═══ Excerpted data ═══

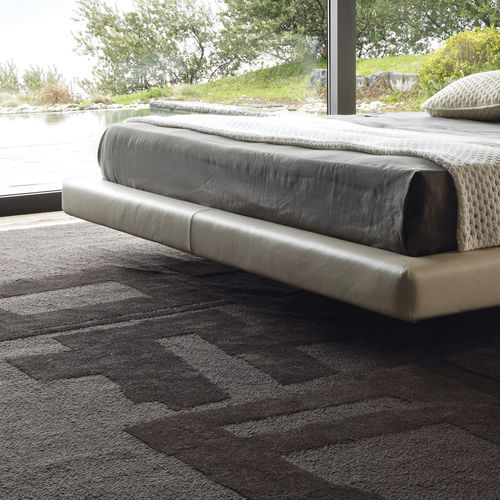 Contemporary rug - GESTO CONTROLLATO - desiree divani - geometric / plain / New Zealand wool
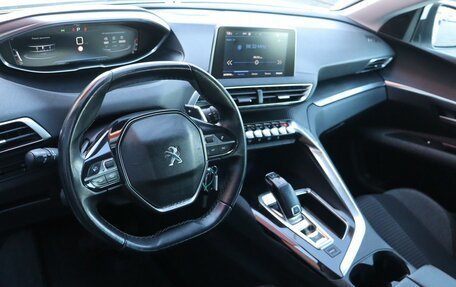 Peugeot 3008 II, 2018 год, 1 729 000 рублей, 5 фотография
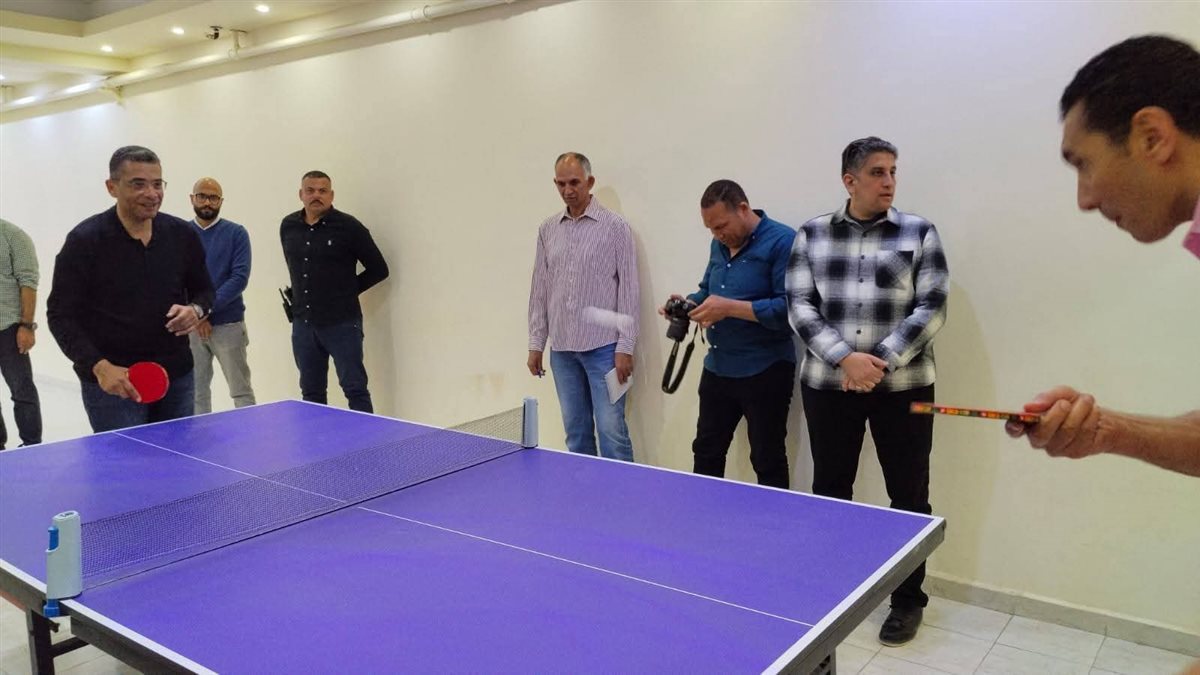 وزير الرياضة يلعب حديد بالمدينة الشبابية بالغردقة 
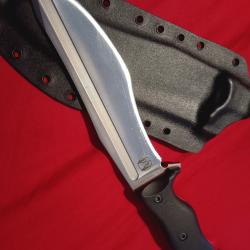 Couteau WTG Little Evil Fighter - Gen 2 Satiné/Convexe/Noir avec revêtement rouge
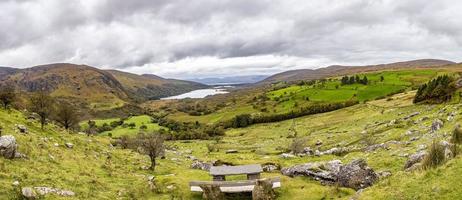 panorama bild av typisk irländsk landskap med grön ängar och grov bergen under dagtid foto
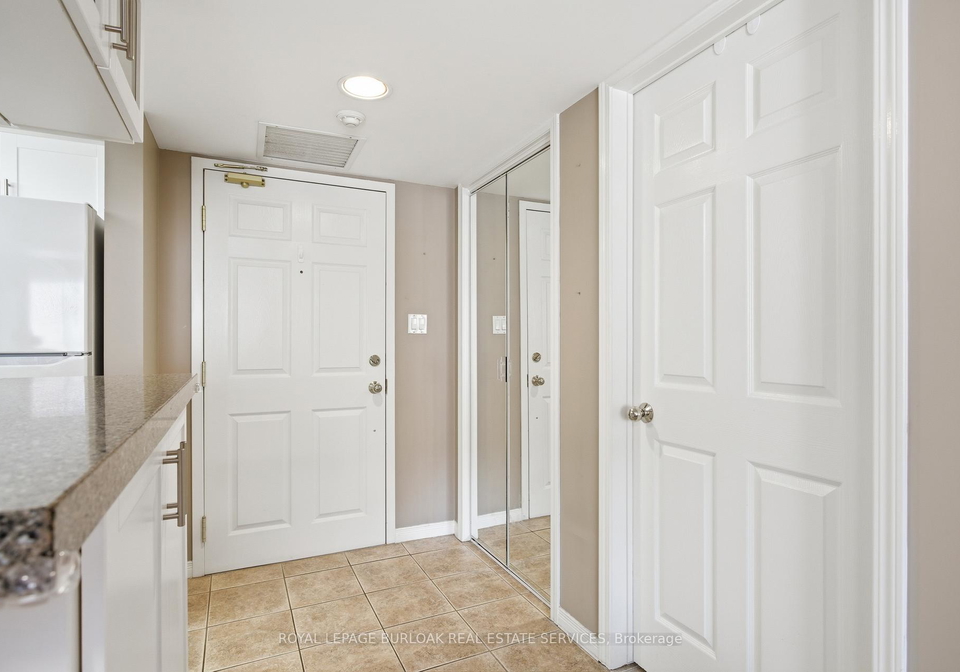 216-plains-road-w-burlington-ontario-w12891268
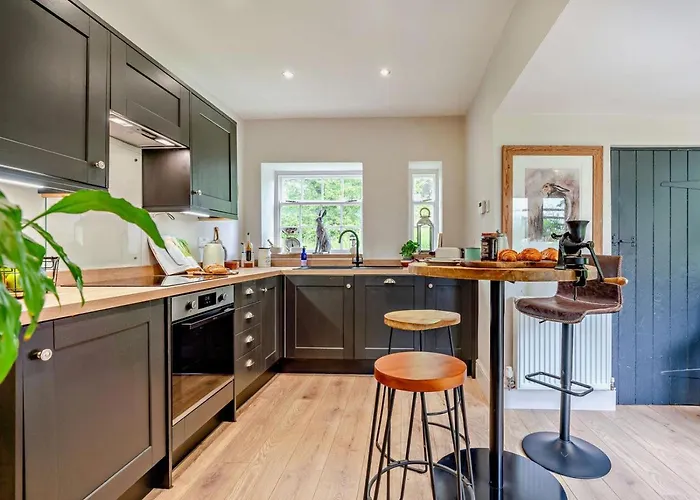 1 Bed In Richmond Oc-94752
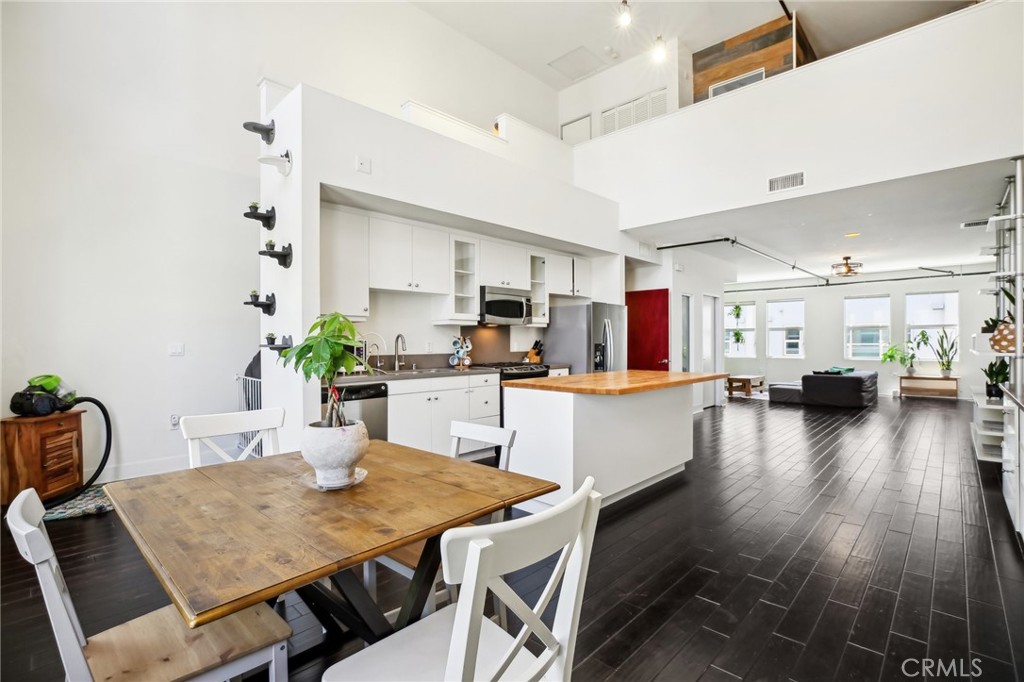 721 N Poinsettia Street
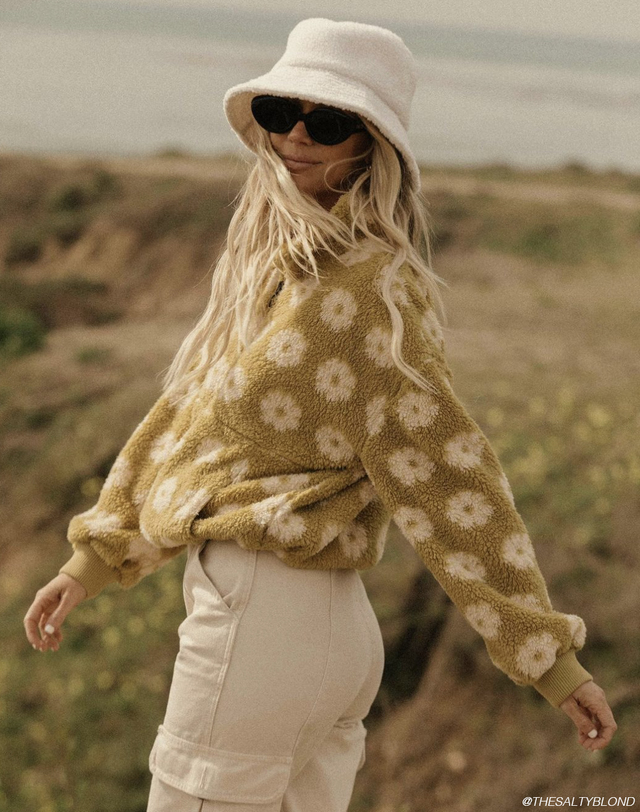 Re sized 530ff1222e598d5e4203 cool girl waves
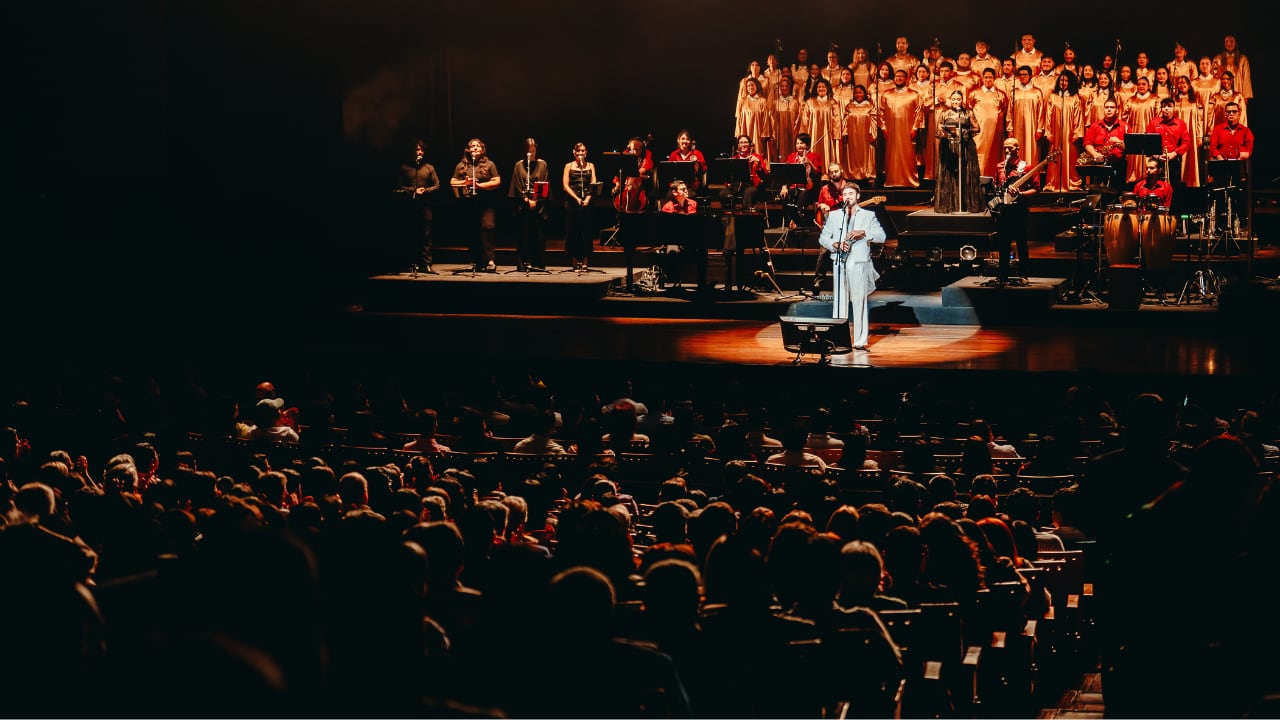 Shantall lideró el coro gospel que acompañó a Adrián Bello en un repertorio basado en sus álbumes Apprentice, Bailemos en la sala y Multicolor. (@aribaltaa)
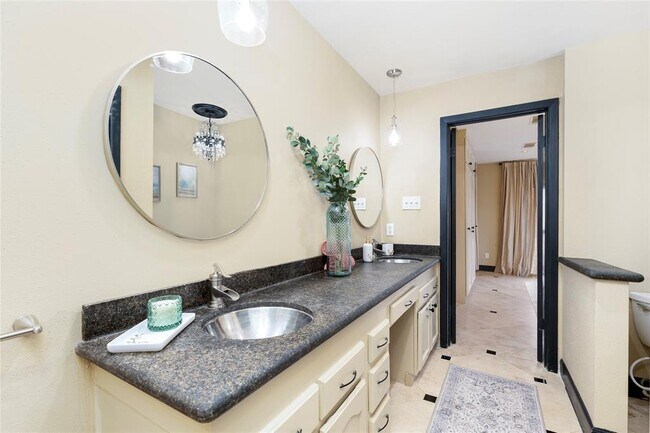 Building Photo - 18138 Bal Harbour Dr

═══

- **Task statement**
At the line containing "panorama bild av", start reproducing exactly, and stop after the last line of the listing; include both ends, and leave the pictures out.

- **Output for this task**
 panorama bild av typisk irländsk landskap med grön ängar och grov bergen under dagtid foto
 216-plains-road-w-burlington-ontario-w12891268
 1 Bed In Richmond Oc-94752
 721 N Poinsettia Street
 Re sized 530ff1222e598d5e4203 cool girl waves
 Shantall lideró el coro gospel que acompañó a Adrián Bello en un repertorio basado en sus álbumes Apprentice, Bailemos en la sala y Multicolor. (@aribaltaa)
 Building Photo - 18138 Bal Harbour Dr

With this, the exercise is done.